Maruyama K, Abe S, Ishii T
J Biochem. 1975 Jan 1;77(1?):131-6.
Beta-Actinin, a regulatory protein of muscle, greatly decreased the dynamic rigidity modulus of an acto-heavy meromyosin solution. However, it was found that the mechanical mixing procedure used resulted in fragmentation of the decorated F-actin particles and beta-actinin inhibited the reassociation of the fragmented particles. This was the reason for the decrease of the dynamic rigidity modulus of the acto-heavy meromyosin complex caused by beta-actinin. When beta-actinin was added to the acto-heavy meromyosin solution in the presence of ATP, it did not affect the visco-elasticity. F-actin particles dissociated by ATP were not fragmented by the mixing procedure, which was responsible for the apparent inactivation of beta-actinin in the presence of ATP.

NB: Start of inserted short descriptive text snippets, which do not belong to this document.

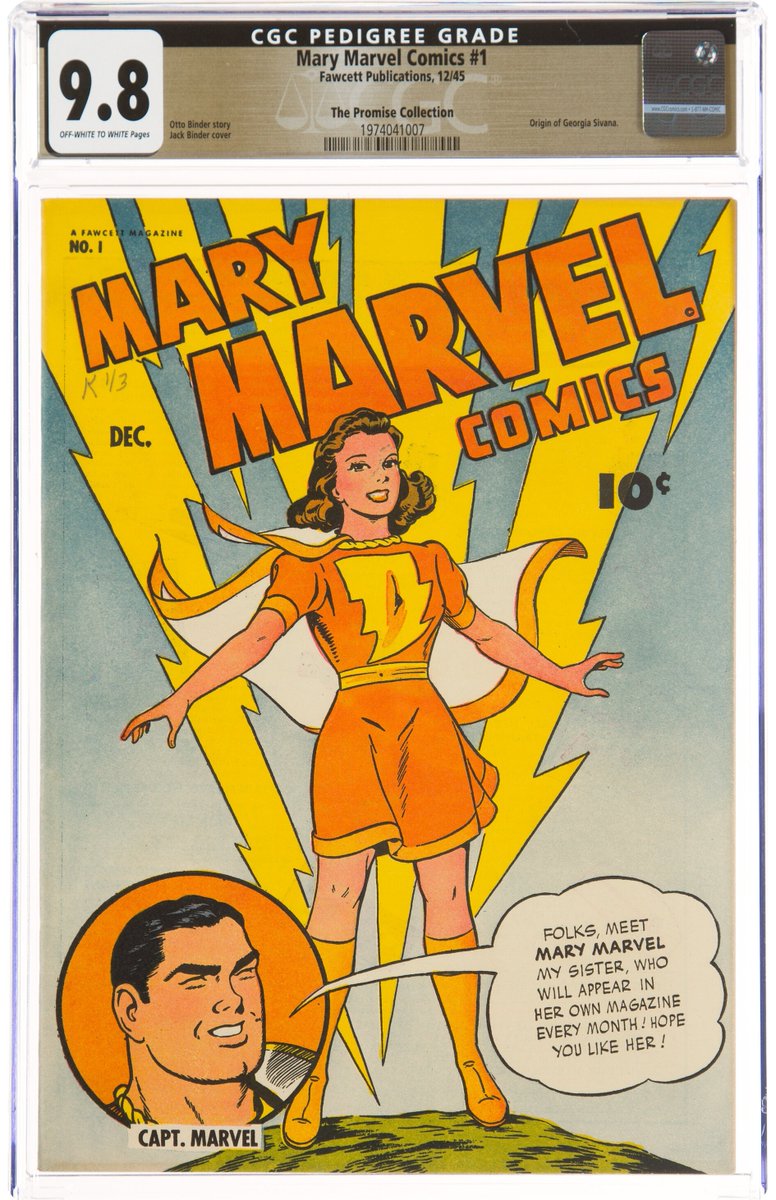 HeritageAuction's tweet photo. #HERITAGELIVE Folks, meet #MaryMarvel, whose 1945 debut issue from the historic #PromiseCollection just sold for $45,600 – no surprise since this is the highest-graded copy certified by CGC to date. And there’s #CaptainMarvel on the cover. Shazam! https://t.co/e8doG2h0ZS https://t.co/6x0RHEU496
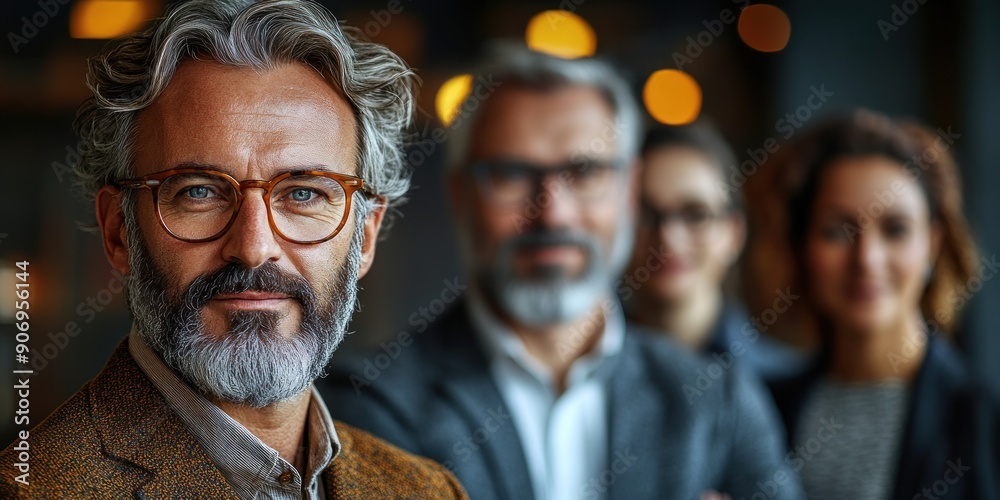 A group of professionals stands confidently together in an office environment A group of professionals stands confidently together in an office environment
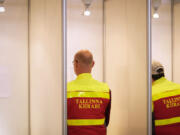 Ambulance workers fill their ballots during the European Parliament election in Tallinn, Estonia, Sunday, June 9, 2024. Polling stations opened across Europe on Sunday as voters from 20 countries cast ballots in elections that are expected to shift the European Union&#039;s parliament to the right and could reshape the future direction of the world&#039;s biggest trading bloc.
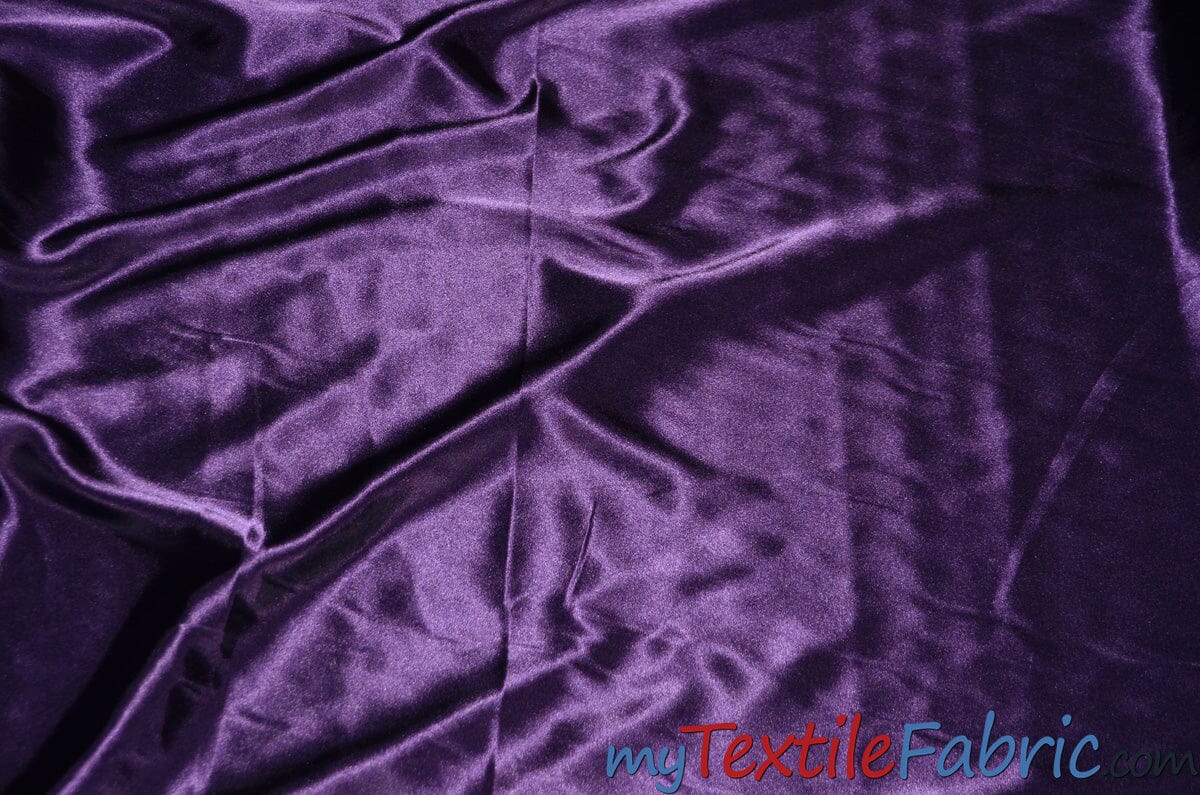 Stretch Charmeuse Satin Fabric | Soft Silky Satin Fabric | 96% Polyester 4% Spandex | Multiple Colors | Wholesale Bolt | Fabric mytextilefabric Dark Purple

β-肌动蛋白是一种肌肉调节蛋白,它极大地降低了肌动蛋白-重酶解肌球蛋白溶液的动态刚性模量。然而,研究发现,所采用的机械混合程序导致了被标记的F-肌动蛋白颗粒发生碎片化,并且β-肌动蛋白抑制了碎片化颗粒的重新结合。这就是β-肌动蛋白导致肌动蛋白-重酶解肌球蛋白复合物动态刚性模量降低的原因。当在ATP存在的情况下将β-肌动蛋白添加到肌动蛋白-重酶解肌球蛋白溶液中时,它不会影响粘弹性。被ATP解离的F-肌动蛋白颗粒不会因混合程序而碎片化,这就是在ATP存在时β-肌动蛋白明显失活的原因。